____ EXTRACTED DATA

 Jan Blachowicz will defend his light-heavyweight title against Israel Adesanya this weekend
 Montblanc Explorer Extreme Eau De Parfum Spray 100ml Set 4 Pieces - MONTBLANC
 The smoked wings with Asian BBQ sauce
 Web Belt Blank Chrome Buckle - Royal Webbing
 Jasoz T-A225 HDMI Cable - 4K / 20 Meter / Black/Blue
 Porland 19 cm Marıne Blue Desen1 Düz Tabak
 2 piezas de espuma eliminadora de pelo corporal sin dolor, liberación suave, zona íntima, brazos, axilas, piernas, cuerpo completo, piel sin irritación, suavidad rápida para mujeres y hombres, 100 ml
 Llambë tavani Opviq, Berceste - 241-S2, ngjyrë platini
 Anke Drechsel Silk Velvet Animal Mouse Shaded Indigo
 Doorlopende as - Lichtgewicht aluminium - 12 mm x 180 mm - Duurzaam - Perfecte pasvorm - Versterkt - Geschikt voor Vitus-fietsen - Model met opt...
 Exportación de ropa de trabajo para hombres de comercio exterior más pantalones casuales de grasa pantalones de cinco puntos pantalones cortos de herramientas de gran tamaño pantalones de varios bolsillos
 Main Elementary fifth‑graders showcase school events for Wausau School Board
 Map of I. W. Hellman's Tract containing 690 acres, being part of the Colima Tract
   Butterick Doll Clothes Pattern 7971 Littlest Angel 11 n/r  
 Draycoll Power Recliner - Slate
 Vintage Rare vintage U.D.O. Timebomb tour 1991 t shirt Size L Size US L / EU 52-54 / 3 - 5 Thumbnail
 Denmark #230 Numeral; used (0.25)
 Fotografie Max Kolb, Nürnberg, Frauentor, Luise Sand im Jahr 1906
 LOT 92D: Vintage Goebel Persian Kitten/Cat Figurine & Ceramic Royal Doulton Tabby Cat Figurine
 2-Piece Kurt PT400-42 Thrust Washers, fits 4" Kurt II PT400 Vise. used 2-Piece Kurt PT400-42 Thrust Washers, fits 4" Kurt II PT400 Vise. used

________

THE TASK – An answer consisting of the number alone is required: how many lines in the entries hold the string "Vintage"?

RESPONSE AREA – 2